SUPPLIED MATERIAL:
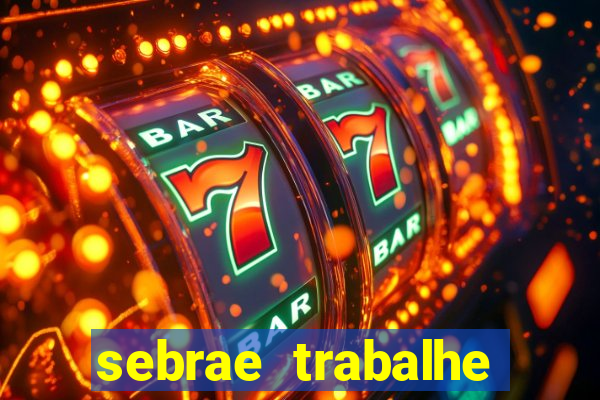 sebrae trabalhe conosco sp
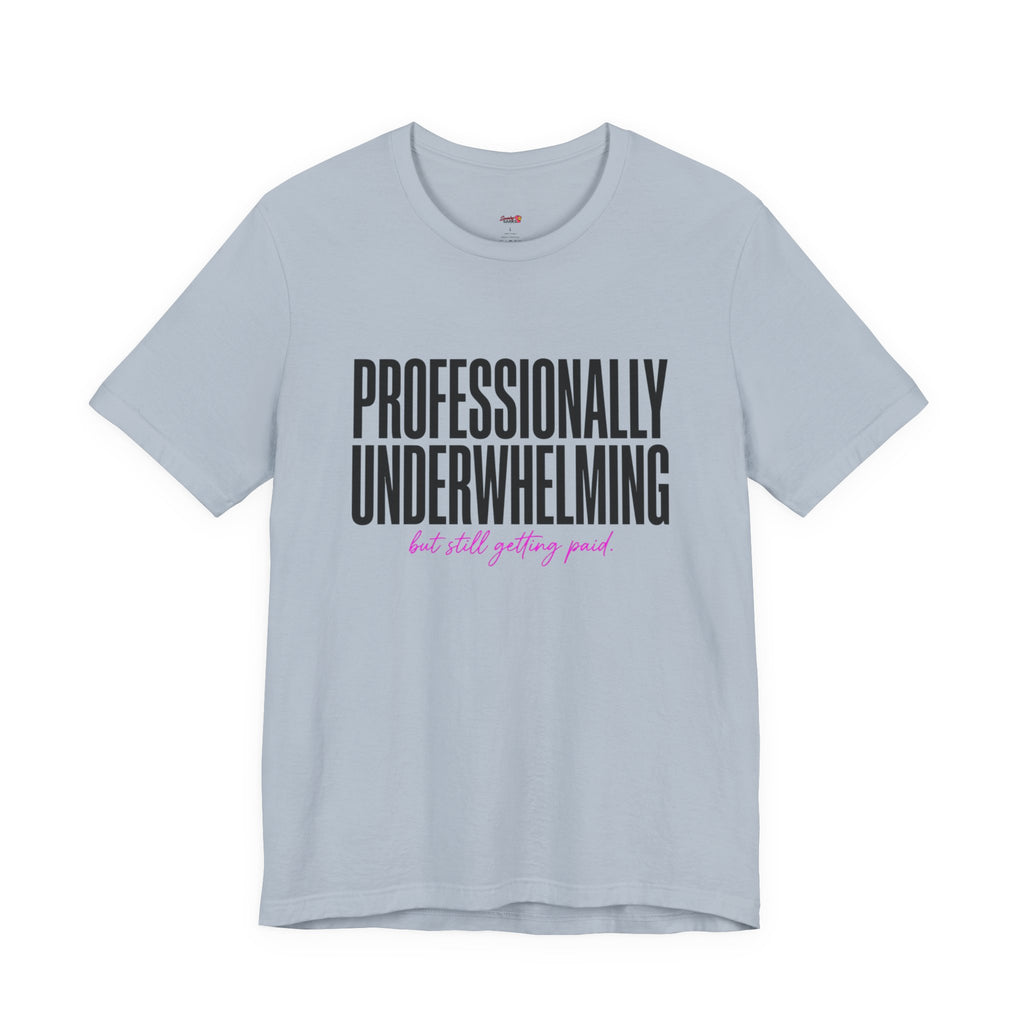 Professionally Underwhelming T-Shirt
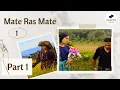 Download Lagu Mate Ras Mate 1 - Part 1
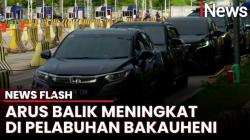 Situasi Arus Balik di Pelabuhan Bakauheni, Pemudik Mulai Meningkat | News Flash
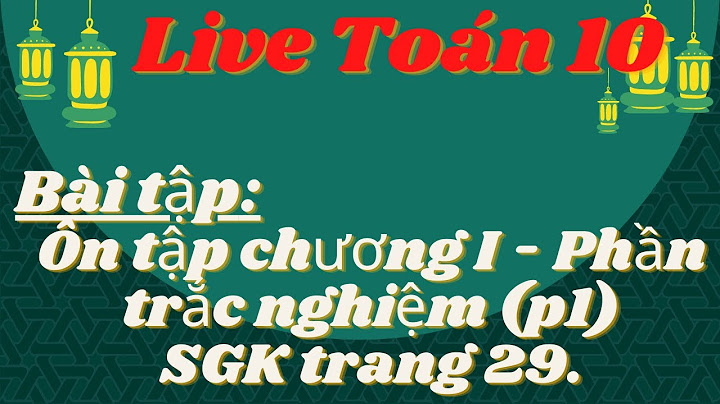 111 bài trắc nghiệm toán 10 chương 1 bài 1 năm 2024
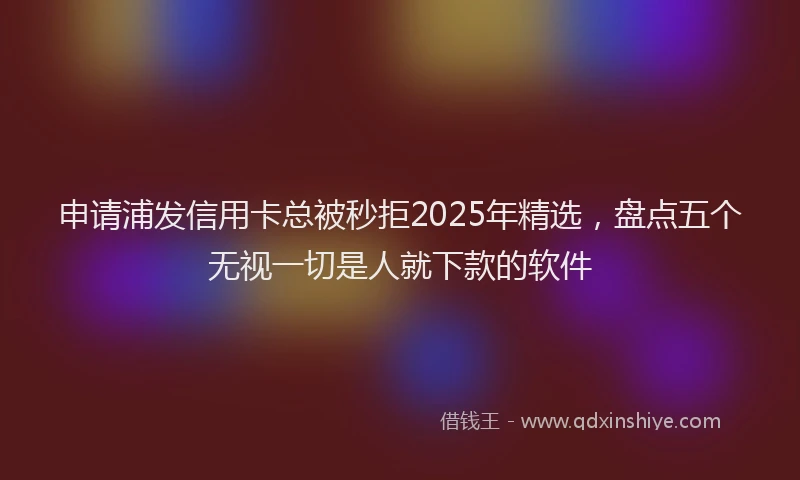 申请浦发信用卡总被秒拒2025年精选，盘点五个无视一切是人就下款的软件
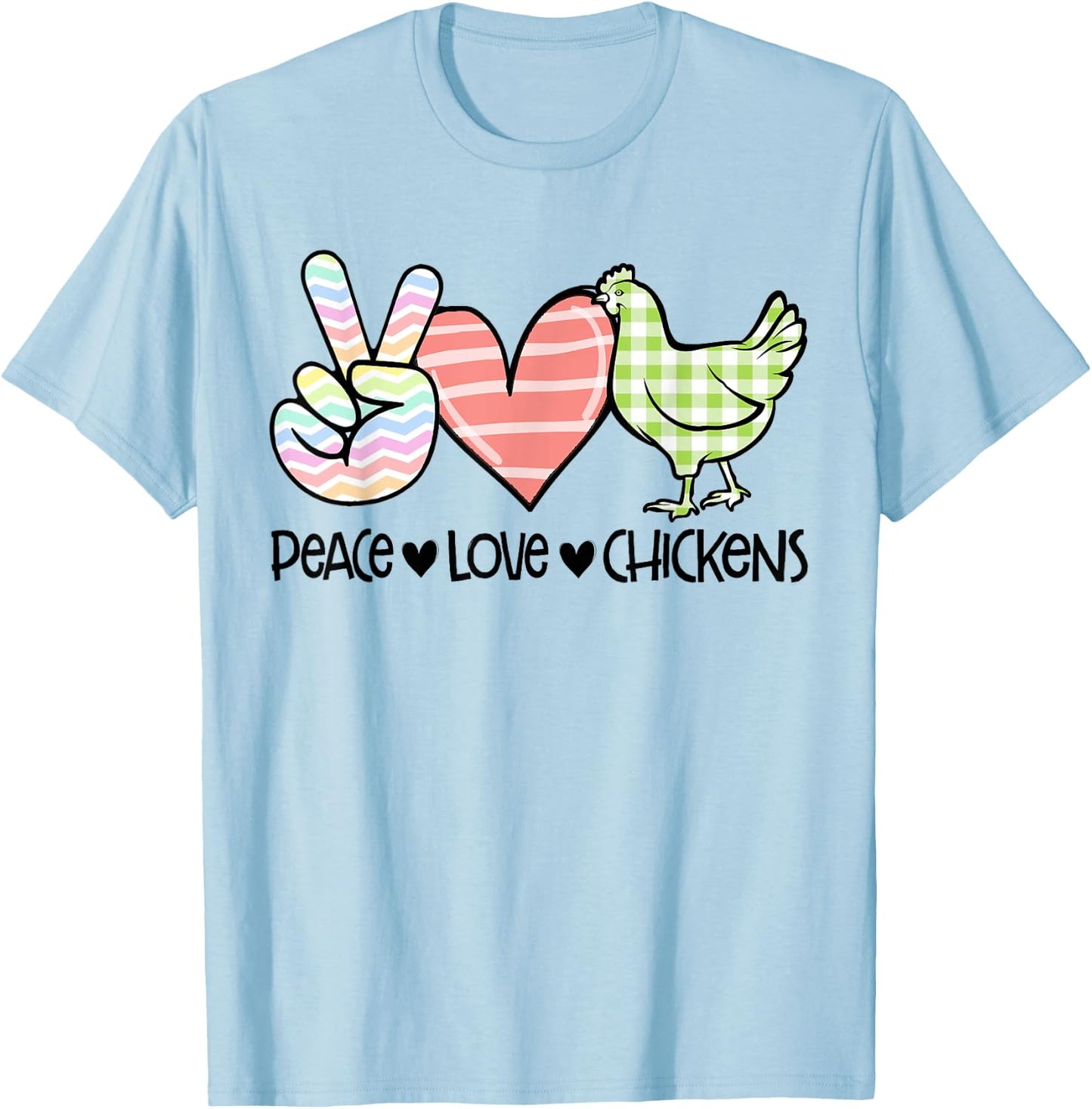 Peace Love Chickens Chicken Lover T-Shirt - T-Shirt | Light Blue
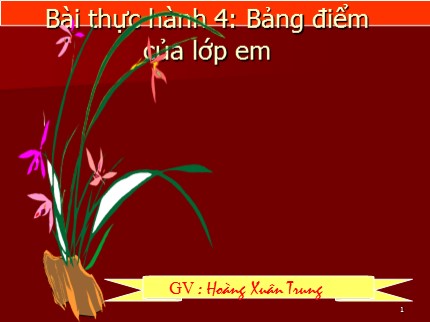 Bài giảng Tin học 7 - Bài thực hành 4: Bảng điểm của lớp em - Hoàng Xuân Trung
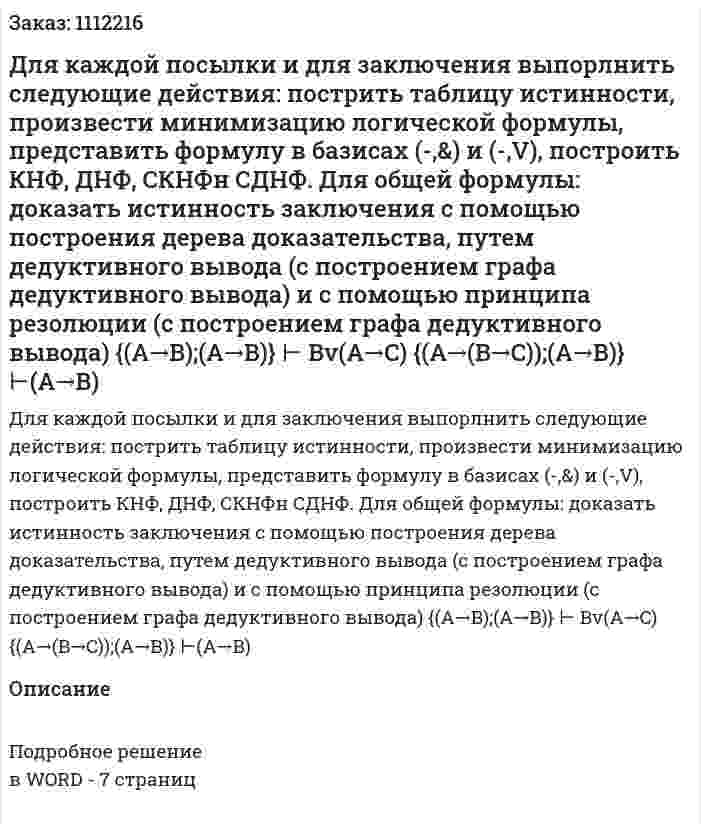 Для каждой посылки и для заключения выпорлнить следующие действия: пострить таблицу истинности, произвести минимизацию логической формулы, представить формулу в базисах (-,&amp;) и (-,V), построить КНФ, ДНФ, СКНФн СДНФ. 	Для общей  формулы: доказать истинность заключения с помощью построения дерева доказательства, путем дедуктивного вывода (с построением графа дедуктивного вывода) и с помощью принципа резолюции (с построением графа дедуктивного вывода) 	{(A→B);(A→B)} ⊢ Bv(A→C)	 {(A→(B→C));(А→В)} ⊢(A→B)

YOUR TASK:
Leave out the pictures, and give all the records again exactly.

TASK SOLUTION:
 sebrae trabalhe conosco sp
 Professionally Underwhelming T-Shirt
 Download Lagu Mate Ras Mate 1 - Part 1
 Situasi Arus Balik di Pelabuhan Bakauheni, Pemudik Mulai Meningkat | News Flash
 111 bài trắc nghiệm toán 10 chương 1 bài 1 năm 2024
 申请浦发信用卡总被秒拒2025年精选，盘点五个无视一切是人就下款的软件
 Peace Love Chickens Chicken Lover T-Shirt - T-Shirt | Light Blue
 Bài giảng Tin học 7 - Bài thực hành 4: Bảng điểm của lớp em - Hoàng Xuân Trung
 Для каждой посылки и для заключения выпорлнить следующие действия: пострить таблицу истинности, произвести минимизацию логической формулы, представить формулу в базисах (-,&amp;) и (-,V), построить КНФ, ДНФ, СКНФн СДНФ. 	Для общей  формулы: доказать истинность заключения с помощью построения дерева доказательства, путем дедуктивного вывода (с построением графа дедуктивного вывода) и с помощью принципа резолюции (с построением графа дедуктивного вывода) 	{(A→B);(A→B)} ⊢ Bv(A→C)	 {(A→(B→C));(А→В)} ⊢(A→B)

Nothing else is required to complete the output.